Significance Ultra-precision optical processing technology is a necessary means to manufacture high-performance optical components, affecting all aspects of human production and life. With the development of modern science and technology, it has been widely and profoundly applied in various fields, from the glass screen for mobile phones to the ultra-short and ultra-powerful laser experimental devices of PW order, which are supported by ultra-precision optical processing. In the fields of integrated circuit manufacturing, chip manufacturing and other ultra-precision optical processing, ultra-precision optical processing is even the “soul of technology”, its technical level directly determines the processing quality and service life of optical elements, furthermore determines the performance limit of optical system.

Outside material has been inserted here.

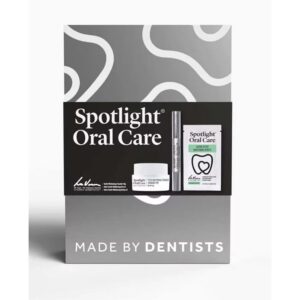 Spotlight Oral Care Ultra Teeth Whitening Gift Set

As an important research direction of ultra-precision optical manufacturing, ultra-polishing has always got the researchers' attention. Many of the core techniques used in the polishing process have been studied in the past, but the acquisition of ultra-smooth surfaces severely depends on the experience of the processors. Considering the significance of ultra-polishing in exploring technical limits in many fields and the current situation that actual polishing processing relies heavily on operational experience, it is necessary to deeply discuss the physical and chemical mechanisms of material removal in the ultra-polishing process represented by classical polishing and chemical-mechanical polishing.

Progress The material removal mechanism in ultra-polishing can be simply divided into two aspects: physical process removal and chemical process removal. The physical process removal mechanism mainly includes mechanical removal mechanism and fluid mechanics removal mechanism.

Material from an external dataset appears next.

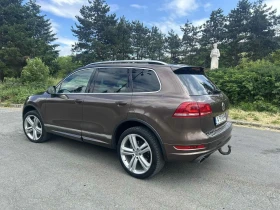 VW Touareg 4.2 TDI R-line, снимка 1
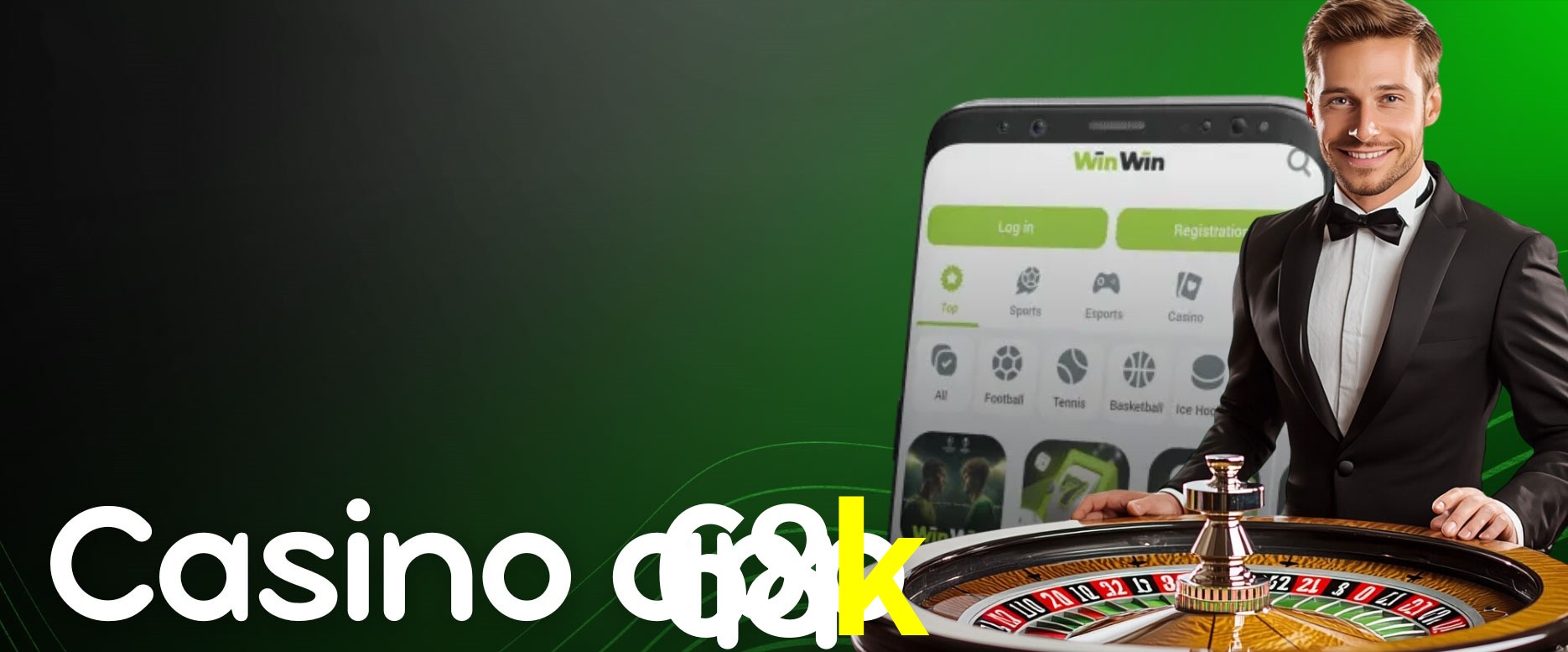 Quick Registration 68k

In terms of the research on mechanism of mechanical removal, Preston and other researchers initially summarized the “Preston equation” and its modified equation by the relationship between macroscopic physical quantities such as workpiece surface pressure, relative velocity of workpiece and material, and removal rate in glass polishing. Zhao's research group used the Greenwood-Williamson theory to reveal the material removal process under the action of abrasive wear from a microscopic perspective, and predicted the material removal rate by calculating the actual contact area of the workpiece and polishing pad, the number of abrasive particles involved in polishing, and the embedding depth of abrasive particles, respectively. For the research on the mechanism of material removal under the action of fluid, Runnels proposed a tribology-based 3D fluid dynamics model and calculated the expression of normal material removal rate caused by fluid erosion. Sundararajan and Thakurta et al established the fluid velocity field of polishing fluid through fluid lubrication model, and then obtained the average polishing rate through mass transfer model.

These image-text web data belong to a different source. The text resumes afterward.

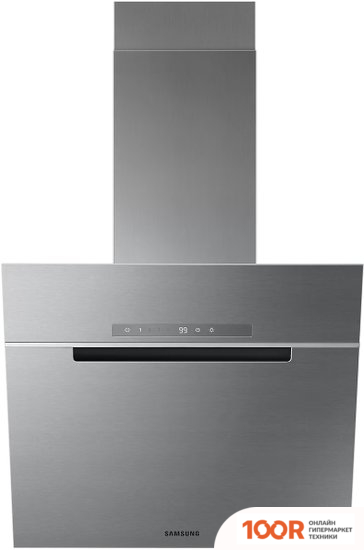 Кухонная вытяжка Samsung NK24C7070WS/UR (40748)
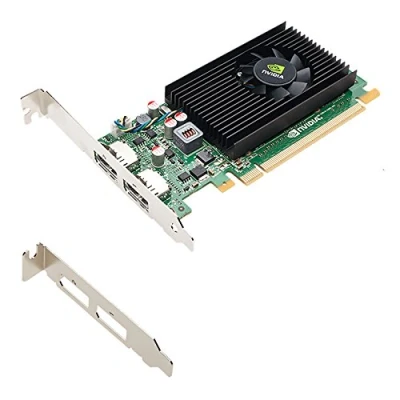 Imagen de PNY nVIDIA NVS 310 Tarjeta gráfica de 1 GB DDR3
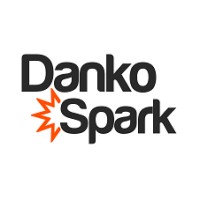 DankoSpark logo, DankoSpark contact details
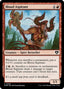 Blood Aspirant – Commander Masters (CMM-208) Magic: The Gathering card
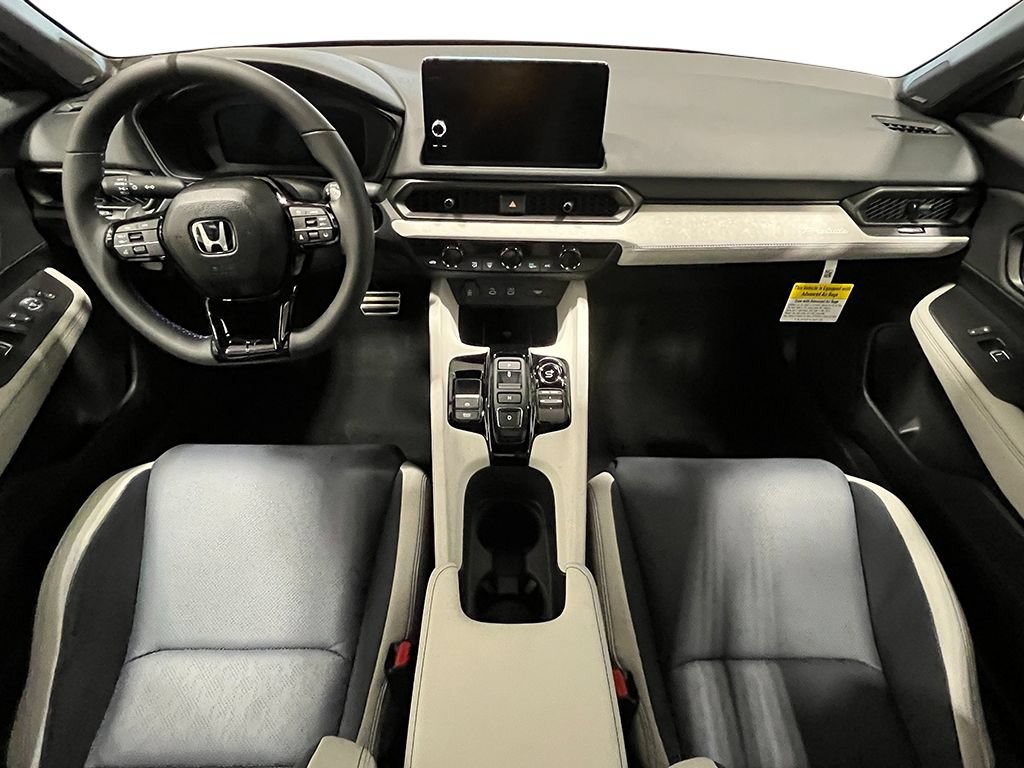 New 2026 Honda Prelude image 18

The above physical removal models all ignored or simplified the chemical process of the workpiece in the polishing solution environment, and didn't reveal the important process of chemical action in the realization of the material microscopic removal process. This problem was well explained in Cook's paper, where Cook proposed a chemical tooth model for material removal (Fig.9). In order to test and verify the correctness of the model, many researchers have followed in Cook's model, carrying out numerous experiments. Yu used atomic force microscope to verify the promoting effect of aqueous solution environment on material removal (Fig.10). Zhou research group conducted experiments on this process in combination with X-ray photoelectron spectroscopy and atomic force microscope. The experiment results showed that water molecules reacted with sapphire to generate hydroxy-rich AlO(OH) and Al(OH)₃ products, thus achieving hydroxylation of sapphire surface (Fig.12); Katsuki, Shi and other researchers combined atomic force microscope and infrared spectroscopy to carry out experimental research on the important process of chemical bonding, the experimental results show that there were a lot of chemical bonds between the workpiece and the probe surface after polishing (Fig.17).

Conclusion and Prospect Each mechanism of material removal mentioned in this paper has its limitations. In the related theory of physical removal mechanisms,the “Preston” equation of phenomenology only explained the influence of material removal rate with macroscopic physical parameters such as pressure and flow rate from a macroscopic perspective. The abrasion theory based on the Greenwood-Williamson model ignored the powerful chemical action in polishing and failed to explain the mechanism of material removal at the atomic and molecular level in the final polishing. The fluid action of the polishing slurry is more concerned with the contact model between the workpiece and the polishing pad, not with fluid erosion. The chemical removal mechanism makes up for the deficiency of physical removal mechanism, but the relevant model can only give a rough description of the material removal process at the atomic and molecular level in the polishing process, which still needs to be further studied. At the same time, in the description of the mechanism of material removal in the whole process, almost all researchers hoped to use a theoretical model to explain the material removal phenomenon in the whole polishing process. However, it seems that the whole process involves multiple material removal mechanisms at the same time, and different material removal mechanisms play a key role in different processing stages. To sum up, it is still necessary to carry out continuous and in-depth research on the material removal mechanism in super polishing, so as to promote the development of the ultra-precision optical processing technology.